The belly hatch opened and the ladder extruded. Slowly, Madame Guderian came down.
Amerie said, “Welcome home.”
“We have brought it,” said Madame.
“Everything is ready. Exactly as your plan specified.”
Lame Miz Cheryl-Ann, who was two hundred and three and nearly blind, seized one of Madame’s hands and kissed it; but the Frenchwoman hardly seemed to notice. Up above, a word of warning came from within the flyer. A litter was lowered from the hatch by Felice and Richard.
Madame said only, “You are needed, ma Soeur.” And then she turned and walked as in a daze toward her cottage. Amerie knelt down and took one of Martha’s bony wrists. Richard stood there in his ruffled pirate shirt and battered buckskins with fists clenched and tears running down his dirty sun-scorched cheeks.
“She wouldn’t let us come back until the Spear was working right. And now she’s damn near bled to death. Help her, Amerie.”
“Follow me,” said the nun, and they rushed off after Madame, carrying the litter with them, leaving Claude to see that the big black bird of prey was safely bedded down for the night.
CHAPTER TEN
Before dawn there was the Battle Mass, and then Madame exerted her farspeech power to transmit an enigmatic “we come” to Pallol, insuring that the invasion fleet would be poised to exploit the bombardment of Finiah’s wall. Sunrise was less than an hour away and if past performance was any criterion, Lord Velteyn and the members of his Flying Hunt would be back at their stronghold after the night’s foray.

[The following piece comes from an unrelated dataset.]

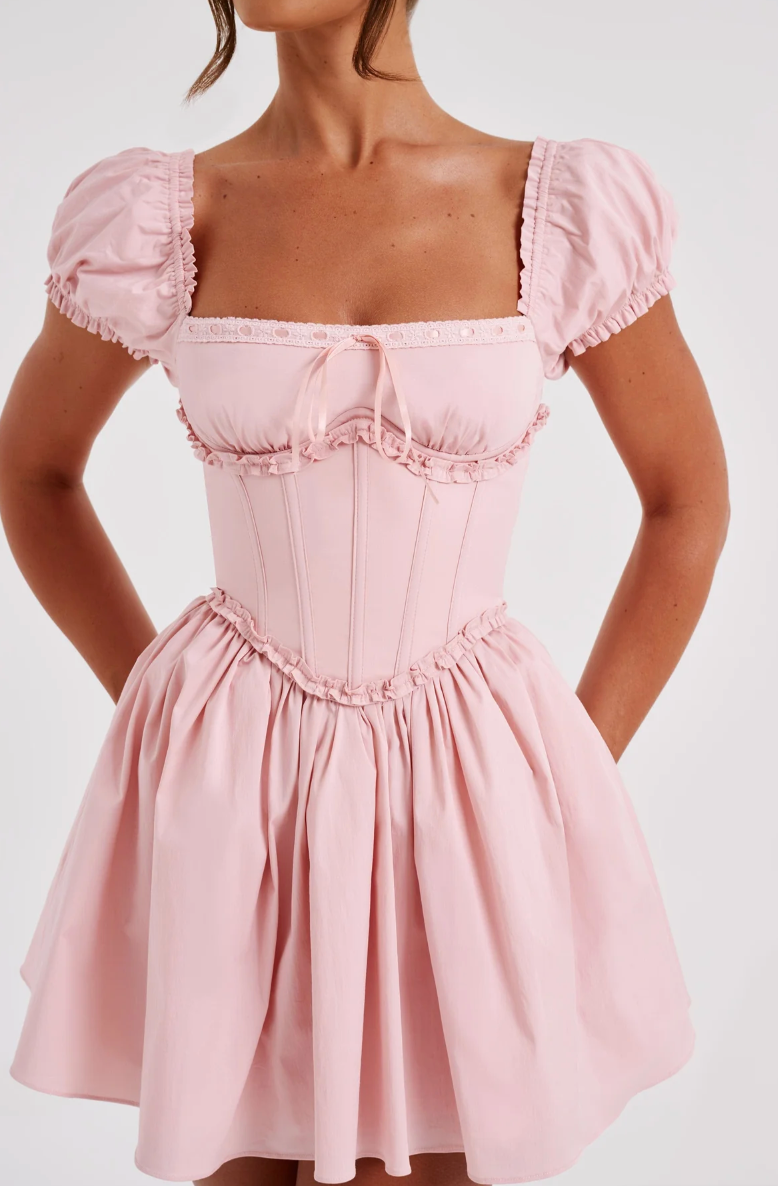 Vestido Curto Penelope Pink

Claude strode along nearly at the end of the procession heading for the flyer and wished Felice would shut up. She was once again attired in her black leather ring-hockey armor, which had been beautifully refurbished by Old Man Kawai’s artisans, and she was wild with anxiety lest she should miss the war.
“I wouldn’t take up any room. And I swear I won’t say a word during the flight! Claude, you’ve got to let me come with you. I can’t wait for you to come back after the strike. What if you don’t make it?”
“If Velteyn nails the flyer, you’d go down with us.”
“But if you get away, you could put me down right outside Finiah! Say, at the breach in the wall on the land side of the peninsula. I could go in with the Firvulag on the second wave! Please Claude!”
“The Hunt could have spotted us by then. Landing could be suicide, and that’s not what this fight is all about. Not for me and Madame Guderian, at any rate. Finiah is just the beginning of our war. And Richard’s got Martha to live for now.”
Up ahead, villagers were pulling the nets from the black bird. A few candles gleamed in the mist where Amerie was blessing the aircraft.
Felice said, “I could help you with the Spear, Claude. You know what an awkward big bastard it is. I could be useful.” She clutched at the old man’s bush shirt and he stopped abruptly and took her by, the shoulders.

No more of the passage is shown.